À treize ans, Jolan habite l’île A , avec sa sœur Louna, quinze ans, et leur père Pascal. Avec sa bande d’amis, il en connaît chaque recoin, ils ont même transformé une vieille forteresse en repaire secret. Leur quotidien paisible bascule le jour où le bateau qui les emmène habituellement sur le continent n’arrive pas.

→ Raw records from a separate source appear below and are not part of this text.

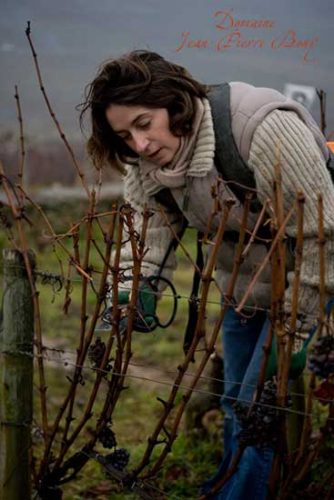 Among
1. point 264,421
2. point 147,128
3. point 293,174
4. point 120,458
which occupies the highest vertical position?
point 147,128

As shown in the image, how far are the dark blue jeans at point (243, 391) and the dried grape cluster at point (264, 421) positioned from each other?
164 millimetres

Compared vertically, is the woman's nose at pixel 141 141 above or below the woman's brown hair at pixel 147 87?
below

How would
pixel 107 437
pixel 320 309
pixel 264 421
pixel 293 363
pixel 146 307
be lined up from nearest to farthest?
pixel 320 309, pixel 264 421, pixel 293 363, pixel 107 437, pixel 146 307

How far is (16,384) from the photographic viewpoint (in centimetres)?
221

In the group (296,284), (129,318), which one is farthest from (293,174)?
(129,318)

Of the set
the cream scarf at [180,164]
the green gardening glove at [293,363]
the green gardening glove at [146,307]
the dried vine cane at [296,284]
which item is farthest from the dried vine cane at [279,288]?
the cream scarf at [180,164]

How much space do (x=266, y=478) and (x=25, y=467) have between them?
684 millimetres

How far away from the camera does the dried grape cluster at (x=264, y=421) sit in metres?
1.84

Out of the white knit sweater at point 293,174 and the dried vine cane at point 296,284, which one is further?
the white knit sweater at point 293,174

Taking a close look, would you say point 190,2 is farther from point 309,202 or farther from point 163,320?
point 163,320

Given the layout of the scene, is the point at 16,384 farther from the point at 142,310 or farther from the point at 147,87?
the point at 147,87

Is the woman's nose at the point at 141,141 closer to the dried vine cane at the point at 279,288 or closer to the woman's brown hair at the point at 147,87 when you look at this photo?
the woman's brown hair at the point at 147,87

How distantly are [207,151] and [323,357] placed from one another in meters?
0.72

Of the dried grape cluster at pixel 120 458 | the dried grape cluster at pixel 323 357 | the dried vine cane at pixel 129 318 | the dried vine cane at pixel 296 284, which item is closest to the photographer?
the dried vine cane at pixel 296 284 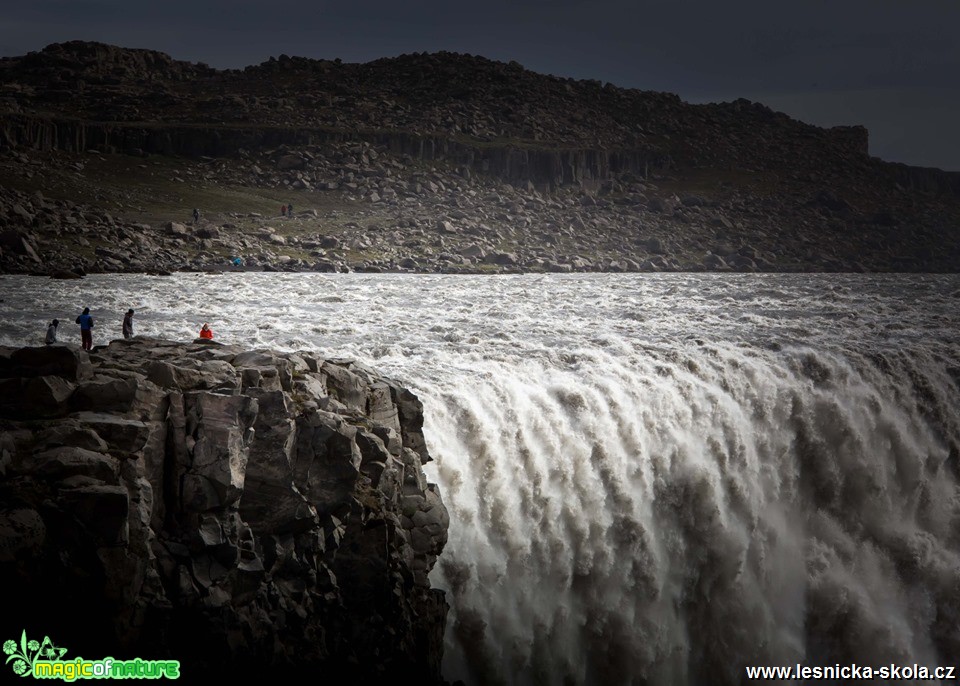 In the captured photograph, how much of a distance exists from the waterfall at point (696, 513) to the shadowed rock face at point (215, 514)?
3.08 meters

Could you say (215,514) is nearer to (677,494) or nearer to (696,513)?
(677,494)

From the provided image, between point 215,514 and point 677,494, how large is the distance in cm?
1518

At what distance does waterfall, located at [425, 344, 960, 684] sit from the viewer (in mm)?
26641

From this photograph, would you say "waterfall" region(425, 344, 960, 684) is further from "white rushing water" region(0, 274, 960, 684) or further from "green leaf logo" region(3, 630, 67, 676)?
"green leaf logo" region(3, 630, 67, 676)

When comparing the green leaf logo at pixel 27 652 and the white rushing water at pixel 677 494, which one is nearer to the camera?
the green leaf logo at pixel 27 652

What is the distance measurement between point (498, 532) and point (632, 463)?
552 cm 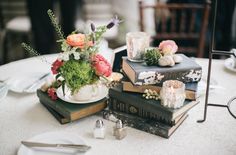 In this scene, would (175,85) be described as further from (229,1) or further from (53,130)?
(229,1)

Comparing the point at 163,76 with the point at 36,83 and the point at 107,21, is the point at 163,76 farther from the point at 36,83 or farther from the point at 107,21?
the point at 107,21

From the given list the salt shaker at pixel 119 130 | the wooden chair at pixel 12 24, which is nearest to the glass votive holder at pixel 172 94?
the salt shaker at pixel 119 130

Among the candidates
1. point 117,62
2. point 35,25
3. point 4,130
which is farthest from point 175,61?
point 35,25

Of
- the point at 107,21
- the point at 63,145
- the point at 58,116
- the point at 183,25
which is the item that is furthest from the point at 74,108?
the point at 107,21

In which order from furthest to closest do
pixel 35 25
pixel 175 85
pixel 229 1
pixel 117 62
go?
pixel 35 25, pixel 229 1, pixel 117 62, pixel 175 85

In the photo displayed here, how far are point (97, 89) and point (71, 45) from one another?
0.65ft

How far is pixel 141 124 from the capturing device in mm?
1056

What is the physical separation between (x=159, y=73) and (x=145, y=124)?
165 millimetres

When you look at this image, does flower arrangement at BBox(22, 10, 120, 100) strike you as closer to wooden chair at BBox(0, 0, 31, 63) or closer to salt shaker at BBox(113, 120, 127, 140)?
salt shaker at BBox(113, 120, 127, 140)

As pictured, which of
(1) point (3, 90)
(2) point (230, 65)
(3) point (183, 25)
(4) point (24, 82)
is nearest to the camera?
(1) point (3, 90)

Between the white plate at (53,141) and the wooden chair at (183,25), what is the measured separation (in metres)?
1.23

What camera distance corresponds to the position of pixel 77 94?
113 cm

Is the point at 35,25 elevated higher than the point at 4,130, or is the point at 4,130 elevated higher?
the point at 35,25

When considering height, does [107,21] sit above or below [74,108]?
above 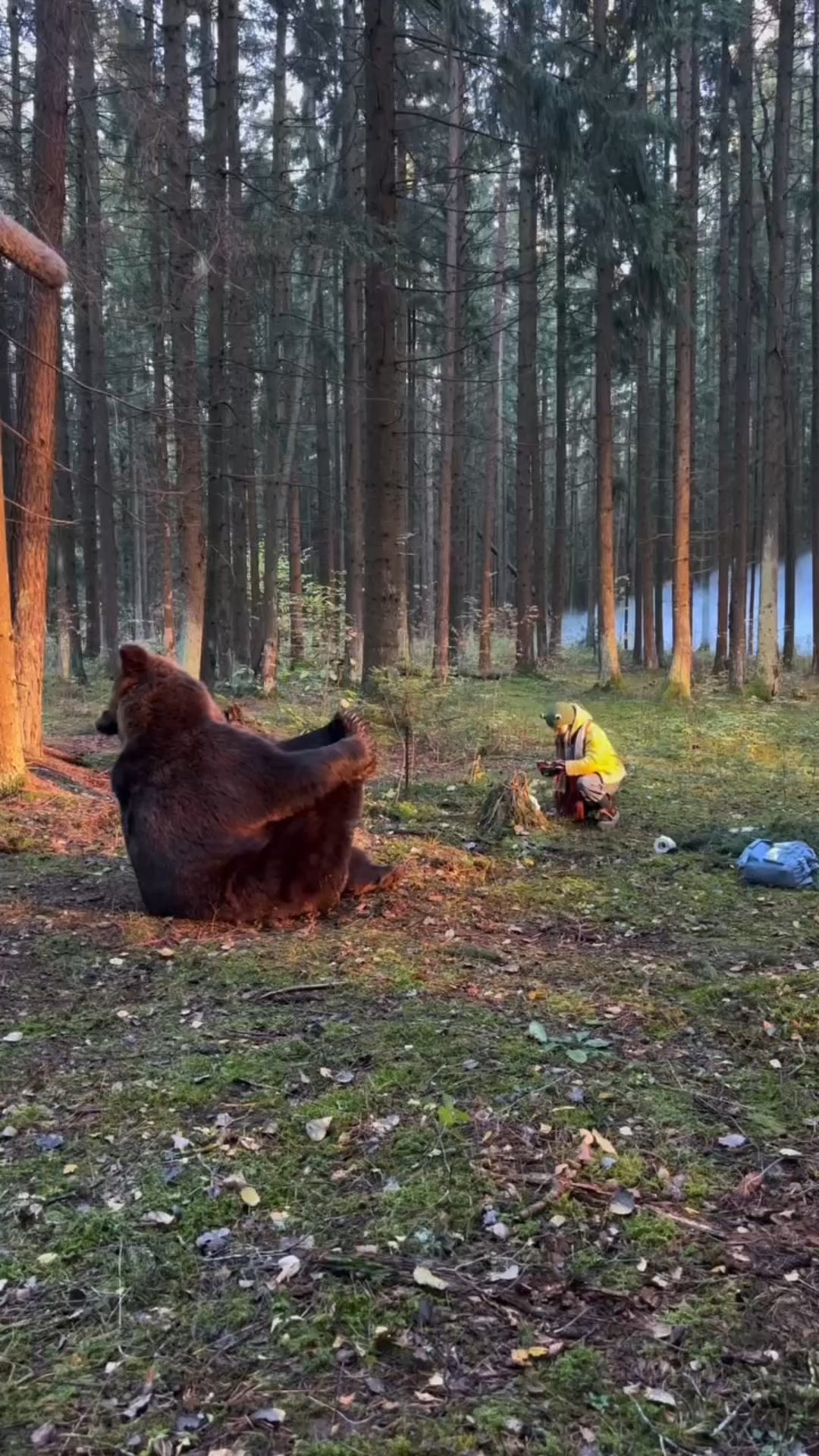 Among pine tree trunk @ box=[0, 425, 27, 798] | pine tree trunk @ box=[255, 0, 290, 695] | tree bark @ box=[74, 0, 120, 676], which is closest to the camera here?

Rapidement, les habitants apprennent que des événements graves, coupant toute communication avec l’extérieur, ont éclaté ailleurs... Sur l'île, plus d’électricité, plus de nouvelles, des réserves qui s’amenuisent, et une consigne stricte : ne pas quitter l’île, ne laisser entrer personne.
Le récit, porté par le regard de Jolan, dépeint l’organisation de survie qui se met en place, les hypothèses qui fusent sur la catastrophe, et les liens d’amitié qui unissent le groupe (huit au départ). Sur plus de deux cents pages, il ne passe pas grand chose(ou si peu), il raconte l'organisation, leurs liens d'amitié , les histoires d'amours ...tout est lent, le rythme et la révélation n’arrivent qu’aux ultimes cinquante pages.
La fin, que j’avais pressentie lors d’un épisode tragique sur l’île, ne m’a pas surprise. Elle m’a néanmoins donné l’occasion de revisiter mentalement l’île d’Aix, (qui a inspiré l’auteur du tout moins concernant le lieu, l'autre fut le confinement lors du Covid), un lieu que l’on parcourt à pied, avec son fort Liédot, son église singulière, ses habitants chaleureux… malgré le souvenir d’une traversée en bateau un peu agitée. Cela m’a simplement donné envie d’y retourner.
Une lecture à conseiller aux amateurs de huis clos, de théories du complot et d’histoires d’amitié juvénile.